Section 5234 of the Revised Statutes (Comp. Stats. 1918, § 9821), provides that the Comptroller of the Currency may appoint a receiver and require of him such bond and security as he deems proper. The duty of the receiver is, under the direction of the Comptroller, to take possession of the books and assets of every description of the bank, collect all debts due and claims belonging to it," and upon the order of a court of record of competent jurisdiction, may sell or compound all bad or doubtful debts, and on a like order, may sell all the real and personal property of such association, on such terms as the court shall direct; and may, if necessary to pay the debts of such association, enforce the individual liability of the stockholders. Such receiver shall pay over all money so made to the Treasurer of the United States, subject to the order of the Comptroller, and also make report to the Comptroller of all his acts and proceedings."

The application to this court for an order for the sale of assets is a step in the winding up of the affairs of the bank, and, if such order be granted, although made by a court of record of competent jurisdiction, still the funds collected from the sale are not subject to a disbursement by the court, but by the Comptroller, by whom the receiver was appointed and controlled. In re Chetwood, 165 U.S. 443, 17 S. Ct. 385, 41 L. Ed. 782. The receiver is not an officer of the court (In re Chetwood, supra), nor does the receiver by this application submit himself and the affairs of the bank to the jurisdiction of the court; nor does the presentation of the application operate to make the receiver an officer of the court, or place the assets of the bank under the control of the court "in the sense in which control is required where a receiver is appointed by the court." In re Chetwood, supra.
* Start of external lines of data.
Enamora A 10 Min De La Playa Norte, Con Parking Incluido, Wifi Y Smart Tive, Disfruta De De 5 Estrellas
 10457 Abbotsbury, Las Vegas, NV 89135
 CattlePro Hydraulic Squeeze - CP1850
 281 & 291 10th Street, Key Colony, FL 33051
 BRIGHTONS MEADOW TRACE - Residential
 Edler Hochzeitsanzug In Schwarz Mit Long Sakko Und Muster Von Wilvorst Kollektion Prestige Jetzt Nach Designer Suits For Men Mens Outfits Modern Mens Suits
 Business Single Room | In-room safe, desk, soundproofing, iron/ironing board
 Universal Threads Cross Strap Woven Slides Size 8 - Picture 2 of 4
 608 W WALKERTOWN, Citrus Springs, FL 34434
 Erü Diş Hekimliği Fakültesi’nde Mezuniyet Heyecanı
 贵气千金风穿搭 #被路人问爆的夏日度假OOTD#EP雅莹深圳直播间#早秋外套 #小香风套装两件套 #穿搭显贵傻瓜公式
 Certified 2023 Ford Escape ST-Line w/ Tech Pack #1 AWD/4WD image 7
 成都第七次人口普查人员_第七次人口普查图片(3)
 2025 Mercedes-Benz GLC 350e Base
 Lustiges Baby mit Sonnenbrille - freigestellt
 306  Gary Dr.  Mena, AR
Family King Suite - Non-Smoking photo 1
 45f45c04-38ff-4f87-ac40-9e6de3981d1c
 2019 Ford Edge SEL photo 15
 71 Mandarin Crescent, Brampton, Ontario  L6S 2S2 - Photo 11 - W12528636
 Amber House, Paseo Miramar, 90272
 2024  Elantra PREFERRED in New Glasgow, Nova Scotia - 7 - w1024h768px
This proceeding is an ex parte proceeding, and, though by the will of Congress put under judicial cognizance, is not by its own nature a judicial controversy. The fact that the court sought information and directed notice to be published that the court would hear persons interested upon any objections they might make does not change the character of the proceeding. That course was followed out of a cautious wish to gain advice that would be helpful in finally determining whether or not the order applied for by the receiver should be granted. Ex parte Cockcroft, 104 U.S. 578, 26 L. Ed. 856. The statute does not intend that an objecting creditor can litigate with the receiver (who represents creditors and the insolvent bank) the question determined by him as to the advisability of disposing of the assets of the insolvent institution. There is no suit, no process is issued, and there are no parties in the legal understanding of the term. The objecting creditors therefore have no legal standing to be heard as a matter of right. Nevertheless, the court has heard them for its own information, and, if their objections, are well founded, or if the court of its own motion should deem that there are objections to the sale, it would be the duty of the court to refuse to order the sale to be made.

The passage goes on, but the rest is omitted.